Supplied entries:
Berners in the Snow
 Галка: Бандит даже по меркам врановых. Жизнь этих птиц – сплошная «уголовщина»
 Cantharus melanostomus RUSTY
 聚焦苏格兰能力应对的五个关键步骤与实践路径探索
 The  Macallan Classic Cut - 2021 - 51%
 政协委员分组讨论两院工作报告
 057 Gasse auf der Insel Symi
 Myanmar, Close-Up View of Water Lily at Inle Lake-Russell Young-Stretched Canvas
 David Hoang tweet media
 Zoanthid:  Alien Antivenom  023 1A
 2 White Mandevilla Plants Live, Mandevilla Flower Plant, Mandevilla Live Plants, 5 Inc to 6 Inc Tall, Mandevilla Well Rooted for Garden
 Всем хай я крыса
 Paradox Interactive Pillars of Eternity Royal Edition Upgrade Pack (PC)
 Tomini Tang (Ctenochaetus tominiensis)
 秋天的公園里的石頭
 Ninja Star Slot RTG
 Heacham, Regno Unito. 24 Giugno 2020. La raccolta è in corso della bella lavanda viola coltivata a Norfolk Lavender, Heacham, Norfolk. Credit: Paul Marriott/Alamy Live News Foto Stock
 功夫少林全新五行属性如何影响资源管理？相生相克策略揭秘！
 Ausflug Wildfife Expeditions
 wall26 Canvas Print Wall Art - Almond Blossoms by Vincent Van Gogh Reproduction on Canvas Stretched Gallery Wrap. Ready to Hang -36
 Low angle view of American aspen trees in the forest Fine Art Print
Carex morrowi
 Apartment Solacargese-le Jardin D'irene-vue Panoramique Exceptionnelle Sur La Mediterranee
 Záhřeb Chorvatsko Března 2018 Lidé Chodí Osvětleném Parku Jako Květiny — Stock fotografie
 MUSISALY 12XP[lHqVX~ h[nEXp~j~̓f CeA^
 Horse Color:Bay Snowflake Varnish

Your objective: Gather up, from the records above, each line where the word "Stretched" appears.

Answer below:
 Myanmar, Close-Up View of Water Lily at Inle Lake-Russell Young-Stretched Canvas
 wall26 Canvas Print Wall Art - Almond Blossoms by Vincent Van Gogh Reproduction on Canvas Stretched Gallery Wrap. Ready to Hang -36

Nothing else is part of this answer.